An AI wins a fine arts competition

An American won an art contest with an image generated by artificial intelligence (AI).

When AI starts painting

Jason Allen, a.k.a. Sincarnate, is an American entrepreneur who won first place in the digital arts category of the Colorado State Fair art competition with a work entitled Space Opera Theater.

The work resembles in every way a Renaissance painting… except that it would have been entirely generated by an artificial intelligence software called Midjourney a tool accessible to all that allows to generate images from a description text.

Recently, tools such as Midjourney have become extremely popular on social networks, and are now extremely easy to access and use.

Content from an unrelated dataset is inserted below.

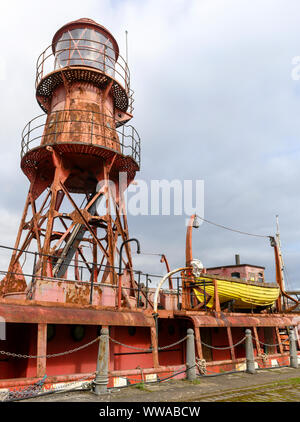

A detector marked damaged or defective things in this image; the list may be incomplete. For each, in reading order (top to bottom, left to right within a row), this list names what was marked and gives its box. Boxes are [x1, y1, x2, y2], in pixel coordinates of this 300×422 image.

rusty light tower [0, 18, 141, 302]
rusted steel plate [0, 302, 152, 328]
rusted steel plate [173, 308, 300, 328]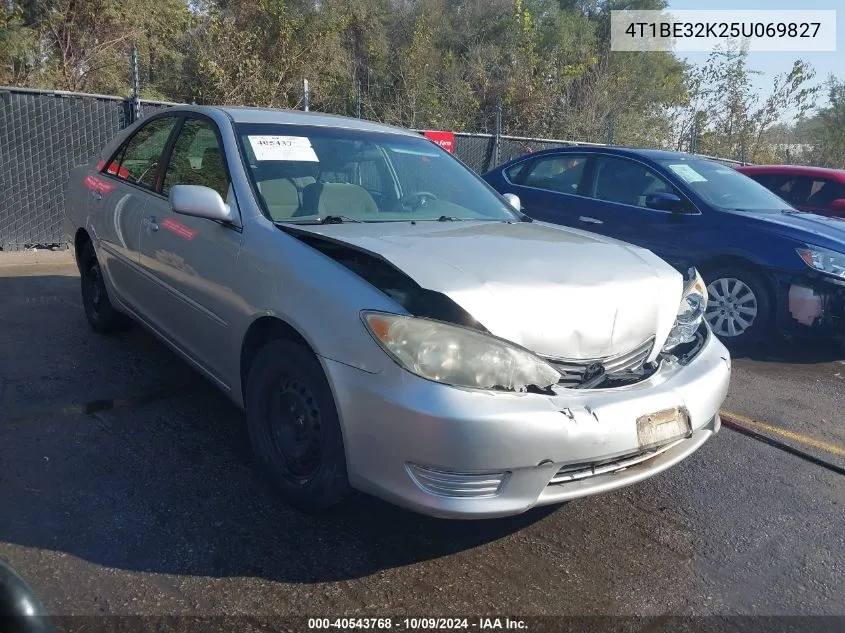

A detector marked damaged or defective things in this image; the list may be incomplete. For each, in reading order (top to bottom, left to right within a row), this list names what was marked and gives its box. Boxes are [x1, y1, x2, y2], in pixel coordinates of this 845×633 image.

A screenshot from the Midjourney Discord showing a request that a user has fed to the system, with the image generated in response. (Source: The Verge)

A week of work

Allen described a week-long creative process that led to the creation of his work. To do this, he generated hundreds of images, and refined his queries to the AI over the weeks. He also used about ten percent Photoshop in the process. He then submitted the image under his name with the addition“via Midjourney” – though he did not explain what exactly Midjourney was.

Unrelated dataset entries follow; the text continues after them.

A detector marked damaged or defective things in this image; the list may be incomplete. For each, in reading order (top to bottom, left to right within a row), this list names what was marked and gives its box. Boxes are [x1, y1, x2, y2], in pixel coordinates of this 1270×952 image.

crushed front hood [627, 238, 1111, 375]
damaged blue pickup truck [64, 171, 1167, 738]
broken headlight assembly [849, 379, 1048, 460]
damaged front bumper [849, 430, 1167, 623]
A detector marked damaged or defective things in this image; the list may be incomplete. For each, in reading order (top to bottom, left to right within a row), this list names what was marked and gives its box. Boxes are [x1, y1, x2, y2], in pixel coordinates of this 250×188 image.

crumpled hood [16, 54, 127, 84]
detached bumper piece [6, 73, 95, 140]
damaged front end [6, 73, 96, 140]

The business leader explained that he wanted to make a statement about the acceptance of AI-produced art by intentionally using an image of Midjourney in an art contest. “I feel like I accomplished that, and I’m not going to apologize for it.

Allen further stated that he had suggested to the competition organizers that they introduce a category for works by artificial intelligences, which they are apparently now considering.

The furious art lovers

Allen has since been accused of cheating, and especially of participating in the “death of art” by art lovers on the internet. The tweet of Genel Jumalon, an American artist criticizing this method, has indeed been retweeted more than 10,000 times in two days, proving the concern of many people about the growing abilities of artificial intelligence.

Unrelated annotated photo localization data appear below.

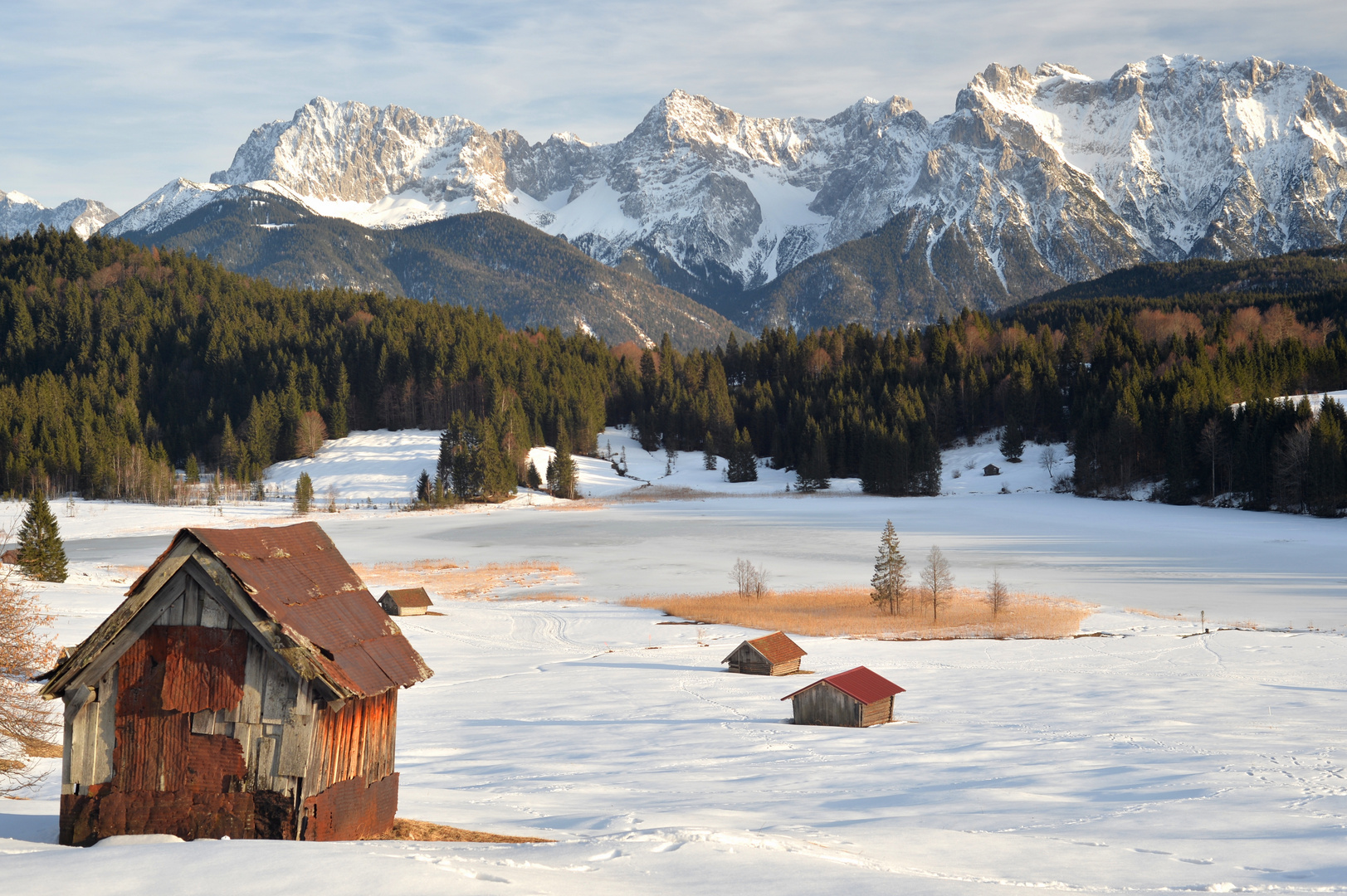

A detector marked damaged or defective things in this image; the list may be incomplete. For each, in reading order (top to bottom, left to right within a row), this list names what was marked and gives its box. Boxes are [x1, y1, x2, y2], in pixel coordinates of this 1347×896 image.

rusty corrugated metal roof [187, 525, 428, 700]
rusty corrugated metal roof [382, 587, 433, 609]
rusty metal panel [161, 625, 249, 711]
rusty corrugated metal roof [781, 660, 905, 700]
rusty metal panel [299, 770, 396, 840]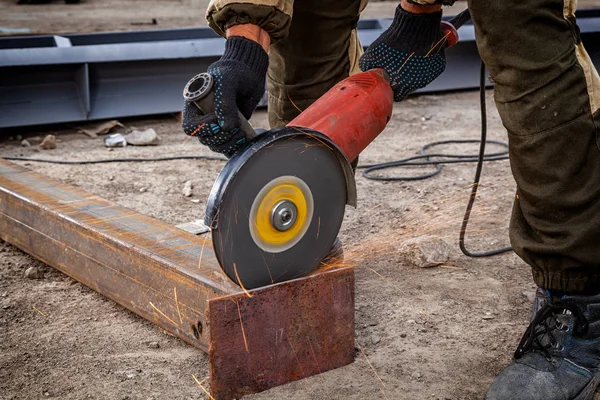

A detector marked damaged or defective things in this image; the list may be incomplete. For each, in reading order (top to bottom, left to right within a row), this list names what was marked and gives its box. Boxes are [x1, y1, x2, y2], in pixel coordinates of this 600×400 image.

rusty metal [0, 159, 356, 400]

Twitter user OmniMorpho said, “We are witnessing the death of art unfolding before our eyes – if creative jobs are not safe from machines, then even highly skilled jobs may become obsolete. What will we have left?

Another user wrote:“This sucks for the exact same reason we don’t let robots participate in the Olympics. “

Allen responded to his critics by stating that they were judging art by the method of its creation, and that eventually the art world will recognize AI-created art as a category in its own right. “And if we were to look at it from the other extreme, and if an artist was subjected to a series of extremely difficult and complicated constraints in order to create a work, let’s imagine that he did his work while being suspended upside down and being whipped“, he said. “Should the work of this artist be evaluated differently from another artist who would have created the same work “normally ” ?”.

Despite the controversy, the victory only encouraged him.“I wouldn’t stop now,” he said.“This win has only emboldened my mission.”